ISLAMABAD: Pakistan's embattled Prime Minister Imran Khan has said that the establishment had given him three options: "resignation, no-confidence (vote) or elections" after the Opposition filed a no-trust motion against him in Parliament. Khan, however, did not elaborate on what he meant by the establishment.
The powerful Pakistan Army, which has ruled the coup-prone country for more than half of its 73 plus years of existence, has hitherto wielded considerable power in matters of security and foreign policy.
Amidst the political turmoil, Pakistan Army chief Gen Qamar Javed Bajwa is reported to have met Prime Minister Khan this week.
Asked whether the Opposition, government or "another party" had proposed early elections and his resignation as options, the prime minister told ARY News that he was presented with the three options.

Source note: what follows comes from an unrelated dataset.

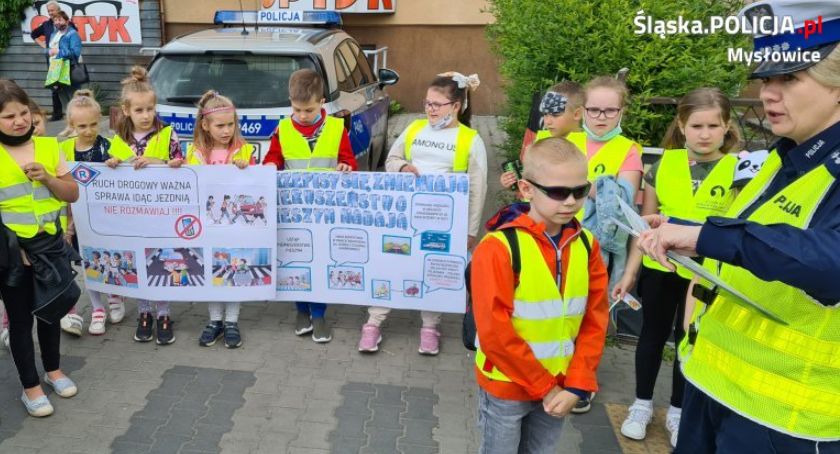 Policjanci i pierwszoklasiści przypominają o nowych przepisach drogowych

"We said elections are the best option, I cannot even think about resigning and as far as the no-confidence vote is concerned, I believe in fighting till the end," the 69-year-old cricketer-turned-politician said.
Pointing out that several members of the Pakistan Tehreek-e-Insaf (PTI) had defected to the Opposition ahead of the no-trust vote on Sunday, Khan said that even if the no-trust move failed, "We cannot run the government with such people (defectors)."
Hence, "it will be better for Pakistan if we hold elections again," he was quoted as saying by the Dawn newspaper.
Asked whether he was prepared to go for early elections, he replied, "If we win [in] this [no-confidence] vote, it is a very good idea to go for early elections."
"We will make a strategy in case the Opposition's no-trust motion fails," he added.
The prime minister also termed the Opposition parties, Pakistan Muslim League-Nawaz (PML-N) and Pakistan Peoples Party (PPP), as a disgrace" to the country and said it was due their policies in the past that a foreign power was openly calling for regime change in Pakistan.
Khan's address to the nation on Thursday came at a critical juncture of his political career when he lost the majority after defection from his PTI party.
Two of his allied parties also withdrew their support and joined the ranks of the Opposition.
The prime minister has said that he will play till the last ball and the no-trust vote on Sunday will decide where the country will go.
Khan needs 172 votes in the lower house of 342 to foil the Opposition's bid to topple him.
However, the Opposition claims it has the support of 175 lawmakers and the prime minister should immediately resign.
No Pakistani prime minister has ever completed a full five-year term in office.
Also, no prime minister in Pakistan's history has ever been ousted through a no-confidence motion, and Khan is the third premier to face the challenge.